E. ÖZEL ESASLAR
Amaç
Tebliğin bu bölümünde yer alan düzenlemeler, iade edilecek KDV tutarının gerçek olup olmadığının tespit edilmesi suretiyle, Hazine’ye intikal etmemiş ve/veya hayali olarak oluşturulmuş, gerçek bir yüklenime dayanmayan tutarların KDV iadesi çatısı altında yolsuz olarak iadesini önlemeyi amaçlamaktadır.
3065 sayılı Kanunun 9, 11, 29 ve 32’nci maddeleri ile iadeye ilişkin hükümler içeren diğer maddelerinde, nihai aşamada vergiden istisna edilen işlemler nedeniyle gerçek bir mal veya hizmet hareketine dayalı ve dayandığı işlemi mahiyet ve miktar itibarıyla doğru olarak yansıtan belgelere istinaden yüklenilen ve indirim yoluyla telafi edilemeyen KDV’nin iadesi öngörülmektedir.

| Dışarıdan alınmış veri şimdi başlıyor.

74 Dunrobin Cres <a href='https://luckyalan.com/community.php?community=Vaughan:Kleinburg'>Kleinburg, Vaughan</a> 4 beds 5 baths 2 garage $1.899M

Mükelleflerin gerçekte yüklendikleri ve indirim yoluyla gideremedikleri KDV tutarlarının iadesini temin amacıyla, hiç yüklenilmediği halde sahte belge veya muhteviyatı itibarıyla yanıltıcı belgeye dayalı olarak indirim hesaplarına alınan ve indirim yoluyla giderilemediği için de iadesi talep edilen KDV olarak gösterilen tutarların iadesinin önlenmesi gerekmektedir. Sahte belge veya muhteviyatı itibarıyla yanıltıcı belgeye dayalı indirilecek KDV tutarlarının aynı zamanda KDV’nin katma değerden vergi alma işlevini de bozduğu ve gerçekte vergilenmesi gereken katma değeri vergi dışı bıraktığı da tabiidir.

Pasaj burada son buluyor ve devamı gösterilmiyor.